The environmental stochasticity strongly influences the dynamics (Sæther *et al*. 2000b) and the time to extinction of small passerine populations (Sæther *et al*. 1998). Although our estimate of the environmental variance was lower than in three other passerine species (Tufto *et al*. 2000), assuming no environmental variance still increased the time to extinction (Fig. 5b). The value of *t*_{0·10} was 35 years, an increase of 59% from the case where both demographic and environmental stochasticity were present (Fig. 4a). Furthermore, the width of the prediction interval strongly decreased when no environmental stochasticity was assumed to be present (Fig. 5b). This illustrates the necessity of correctly estimating and modelling the stochasticity in the population dynamics when predicting population trajectories.

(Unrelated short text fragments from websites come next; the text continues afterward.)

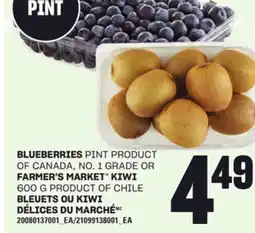 Independent City Market BLEUETS OU KIWI DÉLICES DU MARCHÉ, 600 G offer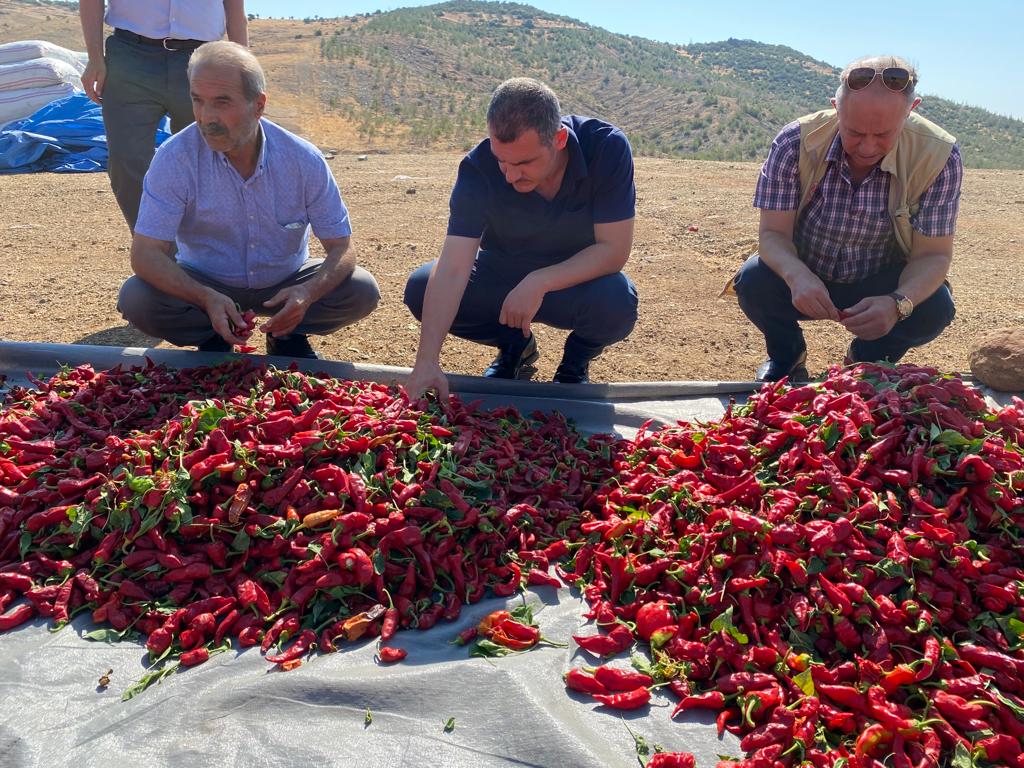 Özellikle kurutmalık pul biber ve salça üretiminde ilçemiz için önemli katma değeri olan Hasancalı Biberinin hasat faaliyetleri başladı. Bereketli olsun
🌶️🌶️🌶️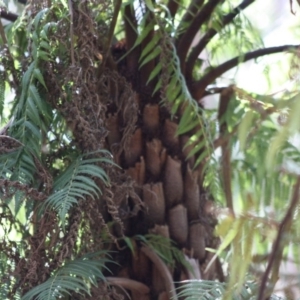 Cyathea australis subsp. australis at Mongarlowe, NSW - 18 Nov 2019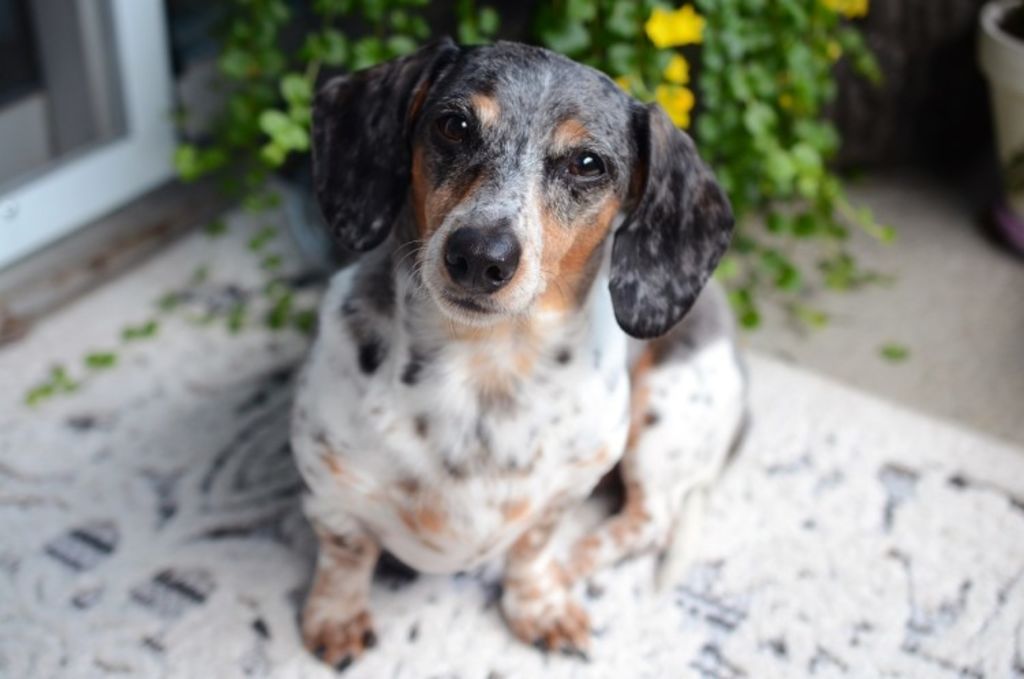 chien merle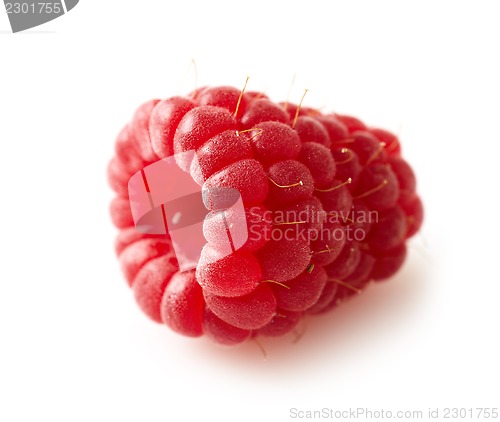 Image of fresh red raspberry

Several approaches can be chosen to include uncertainty in parameter estimates in the construction of the prediction interval. One approach is the Bayesian, in which a prior distribution, for example a non-informative one, is converted into a posterior distribution when conditioned on the observations (Berger 1985). This is a conceptually simple way to get rid of the nuisance parameters by integrating over their posterior distribution, finally claiming that one actually knows the probabilities of any event of interest. Several computer programs (e.g. Spiegelhalter *et al*. 1996) are now available to perform the analysis that will also make a Bayesian approach feasible for complicated models. The major problem with the Bayesian methods in population viability analysis is that they are not based on the frequency interpretation of probability (Dennis 1996). Accordingly, one will calculate the *t*_{α} and use the Bayesian interpretation directly, claiming that the probability that the population goes extinct after the observed *t*_{α} conditioned on the data is actually 1 − α. The actual frequentistic probability, however, interpreting *t*_{α} as a stochastic variable, may be somewhat different. The process of correcting the coverage probability so that the coverage is approximately correct with respect to the frequentistic definition of probability would usually be outside the range of what a Bayesian statistician would accept. When using Bayesian methods in population viability analysis, one should be aware of this problem and make it a general rule that coverage probabilities, regardless of the chosen method, should be checked carefully by intensive stochastic simulations to reveal the frequentistic properties of the method.